Ambu Rarang dapat menyelesaikan setiap masalah kehidupan dengan menyebut namanya atau membaca mantera-mantera. Sedang Ambu Rarang adalah ambu yang menerima jasad dan ruh orang Baduy yang mati untuk diurus selama tujuh hari dan melepaskannya setelah 40 hari ke tempat akhir tetapi juga bentuk nyata dari Buana luhur.

selain dari sistem kepercayaan diatas masyarakat baduy juga memiliki beberapa ritual dan UPACARA-UPACARA adat TRADISIONAL DI BANTEN yang ,masih terjaga dan masih dilestarikan secara turun temurun diantaranya adalah sebagai berikut:

1. UPACARA SEREN TAUN


Istilah Seren Taun berasal dari kata dalam Bahasa Sunda seren yang artinya serah, seserahan, atau menyerahkan, dan taun yang berarti tahun.

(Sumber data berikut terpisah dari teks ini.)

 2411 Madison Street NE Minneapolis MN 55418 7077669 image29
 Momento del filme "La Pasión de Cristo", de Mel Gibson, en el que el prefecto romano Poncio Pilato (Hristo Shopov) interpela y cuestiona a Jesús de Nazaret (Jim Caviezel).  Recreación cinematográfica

Jadi Seren Tahun bermakna serah terima tahun yang lalu ke tahun yang akan datang sebagai penggantinya.

Dalam konteks kehidupan tradisi masyarakat peladang Sunda, seren taun merupakan wahana untuk bersyukur kepada Tuhan Yang Maha Esa atas segala hasil pertanian yang dilaksanakan pada tahun ini, seraya berharap hasil pertanian mereka akan meningkat pada tahun yang akan datang.

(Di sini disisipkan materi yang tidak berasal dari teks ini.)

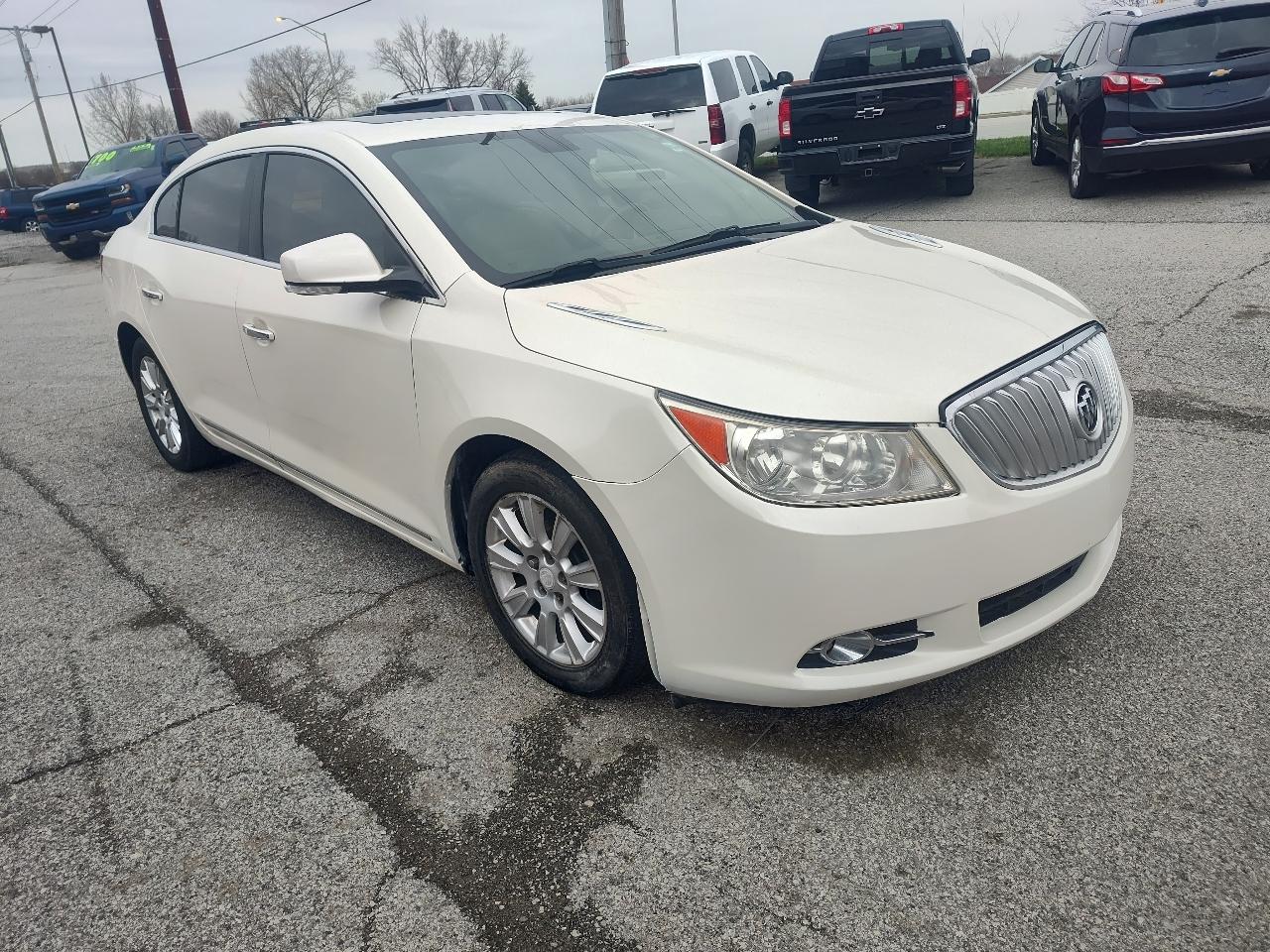 Buick LaCrosse 4dr Sdn Premium 3 FWD 2012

upacara seren taun merupakan acara penyerahan hasil bumi berupa padi yang dihasilkan dalam kurun waktu satu tahun untuk disimpan ke dalam lumbung atau dalam bahasa Sunda disebut leuit. ada dua leuit; yaitu lumbung utama yang bisa disebut leuit sijimat, leuit ratna inten, atau leuit indung (lumbung utama)

serta leuit pangiring atau leuit leutik (lumbung kecil). Leuit indung digunakan sebagai sebagai tempat menyimpan padi ibu yang ditutupi kain putih dan pare bapak yang ditutupi kain hitam. Padi di kedua leuit itu untuk dijadikan bibit atau benih pada musim tanam yang akan datang. Leuit pangiring menjadi tempat menyimpan padi yang tidak tertampung di leuit indung.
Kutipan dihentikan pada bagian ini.